Si la mémoire collective garde le souvenir de Pauline Mba, épouse du père de l’indépendance, ou celui de Joséphine Kama et les célèbres groupes d’animation à la gloire du Parti Démocratique Gabonais, sous le monopartisme, c’est sans doute Édith Lucie Bongo qui a le plus marqué les esprits par son combat précurseur contre le Sida, à une heure où la stigmatisation condamnait au silence. Pourtant, si Sylvia Bongo Ondimba n’a jamais atteint ce sommet de popularité ou de charisme, l’action de l’épouse du président déchu Ali Bongo s’impose aujourd’hui, avec le recul, comme un tournant structurel et législatif sans précédent pour la condition féminine dans notre pays.

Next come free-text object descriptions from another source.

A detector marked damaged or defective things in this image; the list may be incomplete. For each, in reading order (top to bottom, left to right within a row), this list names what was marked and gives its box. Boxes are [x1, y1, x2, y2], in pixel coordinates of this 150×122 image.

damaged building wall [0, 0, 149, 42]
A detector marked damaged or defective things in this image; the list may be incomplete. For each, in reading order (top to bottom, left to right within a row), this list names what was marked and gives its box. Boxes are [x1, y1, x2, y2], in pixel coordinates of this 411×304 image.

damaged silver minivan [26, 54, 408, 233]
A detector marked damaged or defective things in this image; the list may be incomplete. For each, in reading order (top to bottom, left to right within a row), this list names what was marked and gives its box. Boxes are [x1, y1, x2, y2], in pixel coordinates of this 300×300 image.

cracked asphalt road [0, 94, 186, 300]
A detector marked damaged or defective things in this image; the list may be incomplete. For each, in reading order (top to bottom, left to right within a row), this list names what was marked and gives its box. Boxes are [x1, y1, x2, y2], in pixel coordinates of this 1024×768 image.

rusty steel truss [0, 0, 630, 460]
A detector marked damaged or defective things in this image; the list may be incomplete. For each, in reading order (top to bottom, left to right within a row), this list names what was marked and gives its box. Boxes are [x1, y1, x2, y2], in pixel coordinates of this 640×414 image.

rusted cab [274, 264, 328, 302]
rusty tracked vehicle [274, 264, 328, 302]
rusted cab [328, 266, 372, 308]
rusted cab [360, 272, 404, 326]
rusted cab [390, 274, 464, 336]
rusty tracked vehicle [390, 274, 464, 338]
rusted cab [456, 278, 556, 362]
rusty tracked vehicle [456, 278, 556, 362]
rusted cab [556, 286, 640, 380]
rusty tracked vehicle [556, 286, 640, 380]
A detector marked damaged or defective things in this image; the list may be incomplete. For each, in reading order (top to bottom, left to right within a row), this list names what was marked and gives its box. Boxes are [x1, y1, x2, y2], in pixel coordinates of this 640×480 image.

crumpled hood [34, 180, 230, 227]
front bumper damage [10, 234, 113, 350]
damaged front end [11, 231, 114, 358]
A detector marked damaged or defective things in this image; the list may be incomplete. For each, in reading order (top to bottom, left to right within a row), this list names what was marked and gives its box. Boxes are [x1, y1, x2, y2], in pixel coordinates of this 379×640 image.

Au-delà des griefs portés contre le régime déchu, et sans occulter sa condamnation à 20 ans de réclusion criminelle pour délits financiers, un fait demeure indiscutable : sous son impulsion, le Gabon a réalisé un saut qualitatif majeur. Elle ne s’est pas contentée d’une philanthropie de façade via sa fondation ; elle a orchestré une refonte profonde des codes civil et pénal pour ériger un véritable rempart juridique autour des plus vulnérables.
Par cette volonté politique affirmée, le viol conjugal ainsi que le harcèlement sexuel et moral ont été fermement criminalisés, tandis que le mariage forcé était désormais purement interdit par les textes. La modernisation s’est étendue jusqu’à l’intimité des foyers avec l’instauration du divorce par consentement mutuel et la sanction systématique de toutes les formes de violences, qu’elles soient psychologiques, physiques, économiques ou patrimoniales. Surtout, les droits des veuves ont été sacralisés par la loi, brisant ainsi le cycle des spoliations coutumières autrefois tolérées dans l’indifférence générale.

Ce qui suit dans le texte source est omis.